You can limit the amount of data written; this writes at most 128 bytes:

  ./osprdaccess -w 128 < whatever.txt

And you can write starting at an offset into the file. This writes the third sector (bytes 1024-1535).

  ./osprdaccess -o 1024 -w 512 < whatever.txt

The ./osprdaccess -r command reads data from the ramdisk and writes it to standard output. It takes very similar arguments. For instance, this command reads bytes 12-15 of /dev/osprdc and prints them to standard output.

  ./osprdaccess -o 12 -r 4 /dev/osprdc

Here are some more examples.

 % ./osprdaccess -r 512 | hexdump -C
 00000000  00 00 00 00 00 00 00 00  00 00 00 00 00 00 00 00  |................|
 *
 00000200
 % ./osprdaccess -w 512 < osprd.c
 % ./osprdaccess -r 512 | hexdump -C
 .......
 00000000  23 69 6e 63 6c 75 64 65  20 3c 6c 69 6e 75 78 2f  |#include <linux/|
 00000010  76 65 72 73 69 6f 6e 2e  68 3e 0a 23 69 6e 63 6c  |version.h>.#incl|
 .......

Locking

Next, you will implement support for locking. Once a user is granted a read lock. A write lock guarantees exclusive access to the ramdisk -- no other readers or writers have access to the ramdisk. We've designed the interface as follows. Assume that process P has a file descriptor fd that points to a ramdisk.

  • ioctl(fd, OSPRDIOCACQUIRE);
    • This system call acquires a lock on the ramdisk file. If fd was opened for reading (O_RDONLY), then the system call requests a read lock. If fd was opened for writing (O_WRONLY or O_RDWR), then the system call requests a write lock.
  • ioctl(fd, OSPRDIOCRELEASE);
    • This system call releases any lock on the ramdisk file.
    • In addition, closing fd will release any lock on the ramdisk file.
  • ioctl(fd, OSPRDIOCTRYACQUIRE);
    • This system call attempts to acquire a lock on the ramdisk file. This is just like OSPRDIOCACQUIRE, except if the acquire operation would block. OSPRDIOCTRYACQUIRE never blocks; it returns the EBUSY error instead.

The interface works as follows.

  • A request for a read lock on a ramdisk file will block until no other files on that ramdisk have a write lock.
  • A request for a write lock on a ramdisk file will block until no other files on that ramdisk have a read or write lock.
  • Lock requests are served in the order in which they are received. Thus, for example, if P1 requests the write lock, and then P2 requests the read lock for the same ramdisk, then P1's request is served first and P2's request will be blocked until P1 has released the write lock.
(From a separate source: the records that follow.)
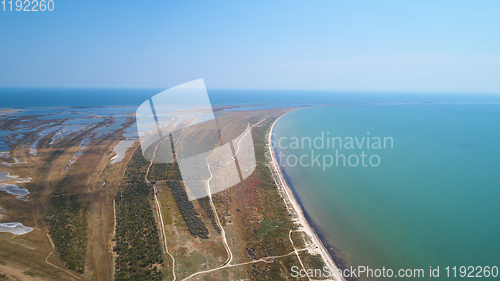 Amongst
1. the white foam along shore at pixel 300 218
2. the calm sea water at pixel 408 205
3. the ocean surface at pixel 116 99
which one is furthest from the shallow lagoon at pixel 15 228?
the ocean surface at pixel 116 99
To implement these semantics, you will need to maintain a wait queue per ramdisk, so that processes that are blocked can be placed on the wait queue. You also keep track of how many files are open for a given ramdisk for reading and for writing.

The osprdaccess program's -l option will open the ramdisk and then request a lock before performing the read or write. The -l flag optionally takes a parameter that indicates a delay to wait after opening and before locking the disk. The -d option allows you to specify a delay to wait after opening (and possibly locking) the disk, but before performing the read or write and closing the disk. The -L option is like -l, but uses TRYACQUIRE instead of ACQUIRE. You can use these functions to test the locking feature.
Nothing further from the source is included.